Building a RAG pipeline that doesn't hallucinate
Retrieval-augmented generation is deceptively easy to prototype and surprisingly hard to make trustworthy. The demo works on day one; the hallucinations show up in week three. Here's the architecture I've landed on for keeping a RAG system honest about what it actually knows.
The problem with naive RAG
The default recipe — embed a query, pull the top k chunks, stuff them into the prompt — optimizes for similarity, not relevance. Those are not the same thing. A chunk can be semantically close to the question and still contain nothing that answers it, and the model will happily paper over the gap with something plausible.
A model asked to answer from irrelevant context won't say "I don't know." It will invent. Your job is to make silence the easier path.
The architecture
I treat retrieval as three distinct stages, each with a job the others can't do. Over-fetch broadly, then aggressively narrow before anything reaches the model.

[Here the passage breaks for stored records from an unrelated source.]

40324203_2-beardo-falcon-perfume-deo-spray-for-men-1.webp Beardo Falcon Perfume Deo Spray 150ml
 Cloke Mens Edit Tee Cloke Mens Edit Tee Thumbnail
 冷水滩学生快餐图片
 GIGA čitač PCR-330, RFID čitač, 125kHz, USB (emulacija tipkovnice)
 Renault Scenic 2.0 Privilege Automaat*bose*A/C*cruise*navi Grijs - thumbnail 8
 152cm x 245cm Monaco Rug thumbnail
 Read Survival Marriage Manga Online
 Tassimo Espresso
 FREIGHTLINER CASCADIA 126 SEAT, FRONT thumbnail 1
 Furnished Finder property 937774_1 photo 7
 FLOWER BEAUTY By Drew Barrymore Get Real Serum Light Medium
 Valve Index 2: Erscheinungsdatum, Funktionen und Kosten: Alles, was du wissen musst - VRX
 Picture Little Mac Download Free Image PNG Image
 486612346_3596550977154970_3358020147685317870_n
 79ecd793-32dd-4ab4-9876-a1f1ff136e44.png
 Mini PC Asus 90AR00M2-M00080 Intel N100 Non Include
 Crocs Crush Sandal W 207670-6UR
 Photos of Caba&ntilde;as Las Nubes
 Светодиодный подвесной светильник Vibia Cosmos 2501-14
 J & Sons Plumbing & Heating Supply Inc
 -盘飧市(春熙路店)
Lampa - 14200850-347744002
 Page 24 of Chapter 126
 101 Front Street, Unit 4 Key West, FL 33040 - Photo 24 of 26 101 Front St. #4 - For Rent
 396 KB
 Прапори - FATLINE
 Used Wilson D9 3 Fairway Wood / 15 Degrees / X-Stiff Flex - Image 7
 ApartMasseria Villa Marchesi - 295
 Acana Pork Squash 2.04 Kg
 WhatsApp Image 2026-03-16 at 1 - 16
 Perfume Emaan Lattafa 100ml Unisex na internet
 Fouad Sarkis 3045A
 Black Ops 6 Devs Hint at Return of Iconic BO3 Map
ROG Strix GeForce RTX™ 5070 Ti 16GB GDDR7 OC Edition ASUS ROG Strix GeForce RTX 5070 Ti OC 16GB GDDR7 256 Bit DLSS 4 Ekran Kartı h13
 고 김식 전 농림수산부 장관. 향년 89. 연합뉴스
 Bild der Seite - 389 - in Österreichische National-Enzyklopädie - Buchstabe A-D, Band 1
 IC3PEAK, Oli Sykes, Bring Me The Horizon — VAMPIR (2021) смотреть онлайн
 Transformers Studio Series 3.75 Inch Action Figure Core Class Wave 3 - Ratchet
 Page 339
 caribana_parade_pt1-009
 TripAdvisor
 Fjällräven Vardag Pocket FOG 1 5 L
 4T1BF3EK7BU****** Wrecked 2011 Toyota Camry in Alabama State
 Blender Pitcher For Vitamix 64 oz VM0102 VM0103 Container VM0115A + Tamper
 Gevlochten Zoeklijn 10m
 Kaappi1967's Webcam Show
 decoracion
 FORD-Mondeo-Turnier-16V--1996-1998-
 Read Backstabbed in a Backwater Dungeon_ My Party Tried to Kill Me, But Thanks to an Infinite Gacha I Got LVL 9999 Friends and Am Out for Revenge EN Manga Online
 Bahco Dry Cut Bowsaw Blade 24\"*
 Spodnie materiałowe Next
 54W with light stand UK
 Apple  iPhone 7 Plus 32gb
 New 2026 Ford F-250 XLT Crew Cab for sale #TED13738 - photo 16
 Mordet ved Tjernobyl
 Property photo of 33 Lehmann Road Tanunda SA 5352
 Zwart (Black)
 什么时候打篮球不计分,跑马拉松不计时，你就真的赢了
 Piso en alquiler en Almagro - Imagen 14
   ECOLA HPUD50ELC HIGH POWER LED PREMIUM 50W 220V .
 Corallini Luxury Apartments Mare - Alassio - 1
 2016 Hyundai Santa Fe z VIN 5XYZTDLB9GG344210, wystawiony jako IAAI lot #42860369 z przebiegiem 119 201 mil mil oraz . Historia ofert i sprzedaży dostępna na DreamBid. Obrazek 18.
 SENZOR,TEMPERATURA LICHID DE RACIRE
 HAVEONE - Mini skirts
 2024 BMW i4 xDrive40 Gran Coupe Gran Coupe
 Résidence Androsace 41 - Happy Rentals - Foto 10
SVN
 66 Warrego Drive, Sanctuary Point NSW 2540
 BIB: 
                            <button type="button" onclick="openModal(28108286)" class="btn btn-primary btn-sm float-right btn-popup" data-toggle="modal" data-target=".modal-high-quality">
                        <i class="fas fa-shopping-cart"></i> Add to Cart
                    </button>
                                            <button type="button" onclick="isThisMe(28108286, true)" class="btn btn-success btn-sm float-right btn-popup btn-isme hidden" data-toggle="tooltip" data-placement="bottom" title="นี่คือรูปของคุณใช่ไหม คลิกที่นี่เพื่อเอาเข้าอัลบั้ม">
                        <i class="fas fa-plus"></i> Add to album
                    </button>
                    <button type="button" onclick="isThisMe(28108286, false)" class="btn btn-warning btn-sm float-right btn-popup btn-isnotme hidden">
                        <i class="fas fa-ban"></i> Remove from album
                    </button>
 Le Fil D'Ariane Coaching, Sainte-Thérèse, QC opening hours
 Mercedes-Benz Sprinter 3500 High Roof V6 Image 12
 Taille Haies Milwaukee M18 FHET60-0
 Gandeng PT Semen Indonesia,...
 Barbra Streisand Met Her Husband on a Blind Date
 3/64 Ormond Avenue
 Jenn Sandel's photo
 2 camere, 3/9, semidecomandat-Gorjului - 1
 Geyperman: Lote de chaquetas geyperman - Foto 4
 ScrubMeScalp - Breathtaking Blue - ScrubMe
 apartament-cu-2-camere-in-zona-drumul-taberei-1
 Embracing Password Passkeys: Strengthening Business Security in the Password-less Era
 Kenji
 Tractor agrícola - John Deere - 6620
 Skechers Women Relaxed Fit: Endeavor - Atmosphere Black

- Retrieve wide — pull 8–12 candidates with hybrid (dense + keyword) search.
- Rerank hard — a cross-encoder scores each candidate against the query; keep the top 3–4.
- Ground the answer — verify every claim is supported before returning it.
Grounding checks
The last stage is the one most pipelines skip. After generation, I check that the response is actually entailed by the retrieved context — if it isn't, the system abstains instead of guessing.
def answer(query):
docs = retriever.search(query, k=8)
docs = reranker.rank(query, docs)[:4]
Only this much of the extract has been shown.